The Te Muri urupa sits within the regional park at the back of Te Muri beach.  John Sullivan whose cottage still stands in Dairy Bay is buried there, as are members of the Jackson and Roa families.

The Pukapuka cemetery is a trustee run cemetery, This small graveyard is the last resting place of many prominent Mahurangi West settlers.

The Mahurangi East graveyard on Ridge Road is sited on land gifted by William Grant to the Presbyterian Church as a Free Burial Ground. Like so many settler graveyards the cemetery is somewhat un-kempt as families have moved away. With the passage of time, some of the inscriptions on the headstones have become too weathered to read and some gone completely. Records are incomplete and there have been times when a plot thought to be unoccupied has been found to contain a resident. We have old cemetery records including a site map of the cemetery and a listing of the inscriptions supplied in 2015 by the Kasper family. Those headstones that are readable are inscribed with familiar names of early settlers in the Mahurangi Heads area. Among those buried are William Grant who gifted the land and built the church and members of his family. There are also graves for members of the Algie, Darrach, Darroch, Dawson Kasper and Scott families.

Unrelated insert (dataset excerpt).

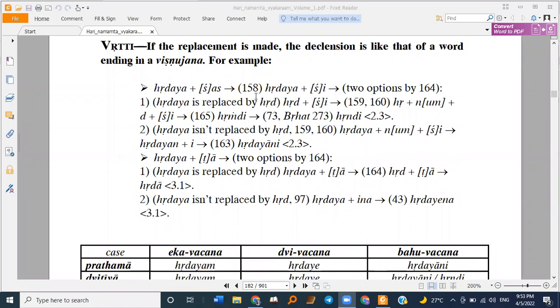Hridaya is replaced by Hrid optionally. So once when it is not replaced, we get Hridhyani like Gokulani. And when it is replaced, then Hridhya Yuktishi.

Photo supplied by G Johnston depicts the Scott burial plot in the graveyard of Mahurnagi Heads Presbyterian Church. Depicted are tombstones for Mr. John Parker, father-inlow of the earlier settler James Lawrie and tombstone for Mr. James Falconer Lawrie, a son of James Lawrie
Photo supplied by G Johnston depicts the tombstone of Mr. William Grant who gifted the land and built the Presbyterian Church on the site. The inscription records he was 98 years old when he died.

3 Responses

  1. The Darrachs buried there are my grandfathers,grandmothers,uncles and aunties special place for them to lay together where there families started off in no mahurangi ship building

  2. Wow, that is truly magnificent. William John Grant Senior is My Papa’s great-grandfather through his Mum. I live near Gulf Habour, so not far from Mahurangi East. Recently I took the kids to visit this Urupa & I stood there overlooking the harbor, probably where WIlliam stood in the 1800s when he and his brother purchased land, where WIlliam built the church with his bare hands in his 90s – I felt emotional & just thought, goodness what a voyage of a lifetime across the ocean from the top of Scotland to land in the SI of New Zealand, then settle in Mahurangi East. Scotts Landing, which I only realized means! Where the Scotts landed. It is courageous at 20 years old to take on the Ocean Voyage across the Atlantic and look for prosperity.